**Exercise description:** Which lines in the records below contain the word "oacute"? Copy each one.

_ _ _

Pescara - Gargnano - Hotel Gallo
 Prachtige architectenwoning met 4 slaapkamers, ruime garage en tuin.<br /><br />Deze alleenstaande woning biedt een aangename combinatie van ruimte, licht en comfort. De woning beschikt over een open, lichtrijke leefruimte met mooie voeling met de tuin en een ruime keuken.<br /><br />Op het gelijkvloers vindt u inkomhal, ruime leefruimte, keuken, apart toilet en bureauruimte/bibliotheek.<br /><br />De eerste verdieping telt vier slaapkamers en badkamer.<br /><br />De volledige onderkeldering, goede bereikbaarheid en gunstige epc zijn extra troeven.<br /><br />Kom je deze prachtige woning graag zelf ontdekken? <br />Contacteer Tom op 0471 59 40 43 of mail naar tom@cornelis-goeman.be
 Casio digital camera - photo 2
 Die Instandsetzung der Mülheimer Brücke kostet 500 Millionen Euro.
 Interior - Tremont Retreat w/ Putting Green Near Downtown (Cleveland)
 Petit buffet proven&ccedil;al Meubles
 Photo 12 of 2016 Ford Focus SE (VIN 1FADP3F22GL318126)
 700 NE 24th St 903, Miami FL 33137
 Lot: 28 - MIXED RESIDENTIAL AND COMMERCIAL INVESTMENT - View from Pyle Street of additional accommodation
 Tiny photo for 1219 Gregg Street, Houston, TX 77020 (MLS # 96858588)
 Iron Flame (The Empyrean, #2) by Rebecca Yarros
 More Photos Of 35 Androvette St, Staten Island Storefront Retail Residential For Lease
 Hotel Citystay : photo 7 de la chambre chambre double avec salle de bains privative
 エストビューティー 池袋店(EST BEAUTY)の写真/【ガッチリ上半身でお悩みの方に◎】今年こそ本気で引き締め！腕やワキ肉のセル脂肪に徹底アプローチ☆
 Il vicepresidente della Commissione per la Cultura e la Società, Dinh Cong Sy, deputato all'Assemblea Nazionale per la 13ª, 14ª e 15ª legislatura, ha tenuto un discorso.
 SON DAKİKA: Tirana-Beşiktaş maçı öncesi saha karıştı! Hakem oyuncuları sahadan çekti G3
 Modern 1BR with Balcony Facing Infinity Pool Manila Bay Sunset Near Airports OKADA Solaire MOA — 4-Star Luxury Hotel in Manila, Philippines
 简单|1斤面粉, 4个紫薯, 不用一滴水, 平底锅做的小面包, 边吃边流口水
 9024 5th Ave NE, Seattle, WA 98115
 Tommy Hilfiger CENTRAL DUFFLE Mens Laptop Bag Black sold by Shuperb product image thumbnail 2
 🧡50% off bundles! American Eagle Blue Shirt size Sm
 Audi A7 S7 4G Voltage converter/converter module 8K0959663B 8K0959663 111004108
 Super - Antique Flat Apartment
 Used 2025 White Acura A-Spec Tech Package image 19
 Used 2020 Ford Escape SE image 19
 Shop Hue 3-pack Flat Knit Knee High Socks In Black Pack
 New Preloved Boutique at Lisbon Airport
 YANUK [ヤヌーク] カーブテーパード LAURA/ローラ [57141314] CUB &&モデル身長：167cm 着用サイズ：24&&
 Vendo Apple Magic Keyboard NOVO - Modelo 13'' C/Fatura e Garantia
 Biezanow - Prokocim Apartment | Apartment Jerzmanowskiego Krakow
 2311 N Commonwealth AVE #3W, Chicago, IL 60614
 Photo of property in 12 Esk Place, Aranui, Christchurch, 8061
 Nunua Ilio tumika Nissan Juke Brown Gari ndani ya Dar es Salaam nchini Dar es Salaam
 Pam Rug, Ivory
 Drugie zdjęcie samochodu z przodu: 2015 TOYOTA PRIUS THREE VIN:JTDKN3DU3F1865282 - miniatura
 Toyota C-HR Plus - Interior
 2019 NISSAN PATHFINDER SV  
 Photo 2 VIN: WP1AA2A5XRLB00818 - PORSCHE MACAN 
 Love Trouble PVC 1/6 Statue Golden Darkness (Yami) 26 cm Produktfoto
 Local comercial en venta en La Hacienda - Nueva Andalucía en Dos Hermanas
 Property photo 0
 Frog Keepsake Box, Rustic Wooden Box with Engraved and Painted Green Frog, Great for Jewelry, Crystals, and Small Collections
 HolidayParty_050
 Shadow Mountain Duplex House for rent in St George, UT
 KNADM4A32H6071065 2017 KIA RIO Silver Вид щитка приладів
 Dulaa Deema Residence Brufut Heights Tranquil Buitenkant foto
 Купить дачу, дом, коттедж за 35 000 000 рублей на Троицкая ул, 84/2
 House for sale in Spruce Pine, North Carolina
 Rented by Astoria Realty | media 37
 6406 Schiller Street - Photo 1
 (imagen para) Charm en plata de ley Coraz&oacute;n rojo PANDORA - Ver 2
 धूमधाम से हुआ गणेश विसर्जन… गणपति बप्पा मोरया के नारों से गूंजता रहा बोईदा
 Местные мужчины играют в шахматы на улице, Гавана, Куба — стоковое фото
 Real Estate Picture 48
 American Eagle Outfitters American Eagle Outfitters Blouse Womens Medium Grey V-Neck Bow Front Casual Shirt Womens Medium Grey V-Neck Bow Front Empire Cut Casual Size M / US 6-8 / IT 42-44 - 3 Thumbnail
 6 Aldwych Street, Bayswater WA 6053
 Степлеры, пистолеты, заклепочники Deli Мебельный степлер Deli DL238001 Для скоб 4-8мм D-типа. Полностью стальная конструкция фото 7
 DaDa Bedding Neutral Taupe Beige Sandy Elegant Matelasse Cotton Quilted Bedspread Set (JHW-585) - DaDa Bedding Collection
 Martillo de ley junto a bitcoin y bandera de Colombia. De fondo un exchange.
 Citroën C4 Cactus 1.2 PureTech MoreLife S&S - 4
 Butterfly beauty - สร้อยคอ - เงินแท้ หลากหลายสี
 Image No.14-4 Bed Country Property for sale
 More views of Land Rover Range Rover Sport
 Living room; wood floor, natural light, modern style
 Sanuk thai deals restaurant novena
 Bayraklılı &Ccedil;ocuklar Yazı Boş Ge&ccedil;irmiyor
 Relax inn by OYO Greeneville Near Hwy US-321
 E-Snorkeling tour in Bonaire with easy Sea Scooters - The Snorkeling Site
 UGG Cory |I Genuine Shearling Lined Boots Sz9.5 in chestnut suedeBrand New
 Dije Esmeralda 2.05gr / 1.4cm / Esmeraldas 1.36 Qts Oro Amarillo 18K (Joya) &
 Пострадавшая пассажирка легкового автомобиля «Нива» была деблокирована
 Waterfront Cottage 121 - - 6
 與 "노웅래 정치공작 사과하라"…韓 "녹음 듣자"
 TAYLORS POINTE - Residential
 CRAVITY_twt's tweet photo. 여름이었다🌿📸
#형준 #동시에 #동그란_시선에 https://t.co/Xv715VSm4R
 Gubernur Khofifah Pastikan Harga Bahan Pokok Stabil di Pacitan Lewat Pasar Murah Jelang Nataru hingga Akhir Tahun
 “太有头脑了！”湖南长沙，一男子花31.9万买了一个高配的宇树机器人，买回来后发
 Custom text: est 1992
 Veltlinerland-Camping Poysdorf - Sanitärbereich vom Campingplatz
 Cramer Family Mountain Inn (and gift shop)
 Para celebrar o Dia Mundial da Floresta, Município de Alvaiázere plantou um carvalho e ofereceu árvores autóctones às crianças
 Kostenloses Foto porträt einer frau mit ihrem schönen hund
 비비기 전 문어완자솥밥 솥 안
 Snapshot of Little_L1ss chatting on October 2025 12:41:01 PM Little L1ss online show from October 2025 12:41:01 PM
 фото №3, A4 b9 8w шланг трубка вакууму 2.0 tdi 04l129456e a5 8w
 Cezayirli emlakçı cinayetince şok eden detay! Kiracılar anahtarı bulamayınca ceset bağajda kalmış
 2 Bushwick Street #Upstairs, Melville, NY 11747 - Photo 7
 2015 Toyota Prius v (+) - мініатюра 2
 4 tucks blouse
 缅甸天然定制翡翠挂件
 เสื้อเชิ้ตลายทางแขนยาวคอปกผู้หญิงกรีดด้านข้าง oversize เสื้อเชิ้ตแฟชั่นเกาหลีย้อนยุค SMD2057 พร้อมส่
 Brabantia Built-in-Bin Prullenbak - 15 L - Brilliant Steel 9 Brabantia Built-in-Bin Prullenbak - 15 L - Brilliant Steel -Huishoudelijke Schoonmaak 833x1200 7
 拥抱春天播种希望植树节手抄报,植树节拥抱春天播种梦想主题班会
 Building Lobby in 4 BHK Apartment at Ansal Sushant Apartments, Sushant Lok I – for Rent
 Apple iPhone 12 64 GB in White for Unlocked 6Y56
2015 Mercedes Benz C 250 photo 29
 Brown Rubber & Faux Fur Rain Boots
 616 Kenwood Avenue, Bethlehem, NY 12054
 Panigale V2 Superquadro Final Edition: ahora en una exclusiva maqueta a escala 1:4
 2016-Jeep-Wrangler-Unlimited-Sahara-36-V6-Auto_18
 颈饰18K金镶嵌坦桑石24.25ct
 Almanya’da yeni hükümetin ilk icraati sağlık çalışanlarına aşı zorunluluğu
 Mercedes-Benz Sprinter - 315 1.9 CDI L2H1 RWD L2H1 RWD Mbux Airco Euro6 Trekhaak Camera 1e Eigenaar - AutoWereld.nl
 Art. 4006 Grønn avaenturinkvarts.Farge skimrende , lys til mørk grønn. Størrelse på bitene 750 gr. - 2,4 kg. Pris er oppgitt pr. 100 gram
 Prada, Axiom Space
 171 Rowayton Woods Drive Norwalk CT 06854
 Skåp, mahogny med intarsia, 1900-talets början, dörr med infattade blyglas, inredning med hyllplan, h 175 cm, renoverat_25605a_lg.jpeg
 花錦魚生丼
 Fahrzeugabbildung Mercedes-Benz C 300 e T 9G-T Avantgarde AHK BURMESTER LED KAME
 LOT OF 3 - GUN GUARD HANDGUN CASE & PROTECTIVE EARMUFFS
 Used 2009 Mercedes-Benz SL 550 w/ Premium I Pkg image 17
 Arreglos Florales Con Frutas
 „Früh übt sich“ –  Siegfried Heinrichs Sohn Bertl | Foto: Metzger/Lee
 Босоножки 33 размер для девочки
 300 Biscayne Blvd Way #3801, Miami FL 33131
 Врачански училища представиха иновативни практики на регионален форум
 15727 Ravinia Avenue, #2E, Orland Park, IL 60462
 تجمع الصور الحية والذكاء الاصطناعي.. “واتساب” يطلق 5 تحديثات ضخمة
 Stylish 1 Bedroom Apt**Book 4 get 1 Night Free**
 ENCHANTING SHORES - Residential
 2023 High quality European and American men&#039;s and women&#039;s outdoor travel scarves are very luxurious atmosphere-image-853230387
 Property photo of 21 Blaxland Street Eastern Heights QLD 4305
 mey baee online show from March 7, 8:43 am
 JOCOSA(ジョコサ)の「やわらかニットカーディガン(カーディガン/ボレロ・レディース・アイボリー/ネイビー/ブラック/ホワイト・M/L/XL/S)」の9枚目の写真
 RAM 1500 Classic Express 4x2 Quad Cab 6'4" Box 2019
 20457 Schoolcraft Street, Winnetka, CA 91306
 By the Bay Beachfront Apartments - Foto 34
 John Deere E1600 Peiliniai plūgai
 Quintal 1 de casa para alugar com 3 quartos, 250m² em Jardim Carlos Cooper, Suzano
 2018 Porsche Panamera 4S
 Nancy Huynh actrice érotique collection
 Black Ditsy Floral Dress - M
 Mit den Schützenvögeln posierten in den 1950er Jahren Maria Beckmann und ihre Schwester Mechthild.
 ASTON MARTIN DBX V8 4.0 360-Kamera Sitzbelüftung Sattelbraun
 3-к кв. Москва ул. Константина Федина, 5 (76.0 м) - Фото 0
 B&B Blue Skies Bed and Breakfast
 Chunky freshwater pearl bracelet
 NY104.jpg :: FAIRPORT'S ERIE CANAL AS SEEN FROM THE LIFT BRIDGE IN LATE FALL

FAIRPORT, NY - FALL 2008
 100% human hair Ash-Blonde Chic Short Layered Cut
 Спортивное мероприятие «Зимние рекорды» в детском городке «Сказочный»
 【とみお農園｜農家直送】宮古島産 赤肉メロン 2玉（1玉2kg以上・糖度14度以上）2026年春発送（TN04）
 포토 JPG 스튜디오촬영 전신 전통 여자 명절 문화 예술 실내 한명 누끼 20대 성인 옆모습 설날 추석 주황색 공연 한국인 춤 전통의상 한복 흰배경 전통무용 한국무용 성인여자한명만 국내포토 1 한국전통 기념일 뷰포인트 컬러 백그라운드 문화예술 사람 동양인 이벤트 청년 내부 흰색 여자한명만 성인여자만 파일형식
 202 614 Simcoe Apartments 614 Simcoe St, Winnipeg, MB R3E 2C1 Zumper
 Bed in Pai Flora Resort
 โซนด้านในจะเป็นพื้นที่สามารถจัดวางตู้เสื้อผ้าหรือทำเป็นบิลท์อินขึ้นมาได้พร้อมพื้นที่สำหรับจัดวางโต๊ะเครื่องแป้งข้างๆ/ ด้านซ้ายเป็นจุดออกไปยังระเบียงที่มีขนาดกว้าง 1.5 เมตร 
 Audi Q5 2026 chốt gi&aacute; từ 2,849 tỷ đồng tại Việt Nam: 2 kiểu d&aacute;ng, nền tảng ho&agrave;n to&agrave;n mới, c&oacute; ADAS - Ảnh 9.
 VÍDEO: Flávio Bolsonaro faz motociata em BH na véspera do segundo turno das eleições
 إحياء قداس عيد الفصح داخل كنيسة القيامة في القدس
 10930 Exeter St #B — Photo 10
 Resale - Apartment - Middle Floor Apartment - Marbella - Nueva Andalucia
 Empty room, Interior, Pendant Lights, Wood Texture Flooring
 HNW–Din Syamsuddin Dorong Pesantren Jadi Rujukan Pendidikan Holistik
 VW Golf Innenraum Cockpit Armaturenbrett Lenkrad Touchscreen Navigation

_ _ _

**Result below:**
 (imagen para) Charm en plata de ley Coraz&oacute;n rojo PANDORA - Ver 2
 Audi Q5 2026 chốt gi&aacute; từ 2,849 tỷ đồng tại Việt Nam: 2 kiểu d&aacute;ng, nền tảng ho&agrave;n to&agrave;n mới, c&oacute; ADAS - Ảnh 9.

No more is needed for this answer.